Interesting, thank you.
What is particularly interesting about the distribution is that the inheritance of languages often is quite different from the genetic ancestry. Of course, we can see modern examples: Jamaicans speak English, but have only a little Anglo-Saxon in their ancestry. In Ethiopia, where there are South Semitic languages and the "Cush" group (the forum won't let me write "Cush" with the "-itic" suffix!), there is a minority genetic type with as dark a skin-tone as other Africans but a different facial structure, lacking the broadened nose and lips of the "Negroid" face; this used to be called the "Hamitic" type but now the anthropologists scramble for a different word for it because "Hamite" is thought of as derogatory ("Negroid" isn't considered acceptable by everyone either).

So in that case one can see that the languages were brought in to the African population by immigrants from further north mixing in with the pre-existing population: but in the Chaddic case further west, the Hausa and other tribes speaking these languages are thoroughly Negroid, indistinguishable in visible traits as well as subtler genetic markers from the tribes around them speaking African languages of the Niger-Congo superfamily. There too we have to suppose that an immigrant group brought the language and imposed it on everybody, but however successful they were as a conquering aristocracy they were so outnumbered that they have left little genetic trace.

So what's puzzling is that there is not much correlation between the size of an incoming (often conquering) group, as reflected in the percentage of genetic contribution they make to the descendant population, and the linguistic outcome. The old native language may be completely displaced: as among the Hausa; or in cases like Egypt and Morocco, where the actual number of Arabians moving in during the Muslim Conquest was trivial compared to the populations (Egypt has always, of course, supported a lot more people than Arabia; the Arabs did not slaughter everybody and breed like rabbits to refill the country!) but Arabic has taken over. Or the old and new languages may mix to some extent: in Norman England, the resulting English language was mostly a continuation of Anglo-Saxon, but with an import of a much bigger percentage of French vocabulary than the percentage of actual French immigrants, and considerable reshaping of the grammar; while in Roman Gaul, the resulting Old French was almost entirely a vulgar Latin, little of the old Gaulish vocabulary surviving but with the Latin words deformed by Celtic pronunciation habits like dropping consonants.

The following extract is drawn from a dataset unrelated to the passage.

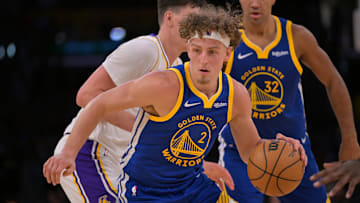 Oct 12, 2025; Los Angeles, California, USA; Golden State Warriors guard Brandin Podziemski (2) handles the ball during the second half at Crypto.com Arena.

Or, the newcomers can adopt the native language and leave no trace of their old language: in post-Roman Gaul, the German-speaking Franks dominated totally, but there is no Frankish at all in French. And this is what seems to have happened with the "Abrahamic" immigrants to the Middle East. We do find shared between Jews and Arabs (Arabs of the peninsula, Palestine, Jordan, and Syria that is: those with lots of Arabian ancestry, not Arabic-speakers from further afield) genetic markers of a population not shared with other Middle Easterners, related to the Caucasus mountains. That is, there is scientific substance to the tradition that descendants of the survivors of a big flood around Mt. Ararat moved down south. But, the languages in the Caucasus are very strange, and what we now of the ancient languages from around there indicate that the Caucasian groups have long been quite alien; yet there is no linguistic trace of this whatsoever in the Central Semitic speeches (the Canaanite/Arabic/Aramaic grouping).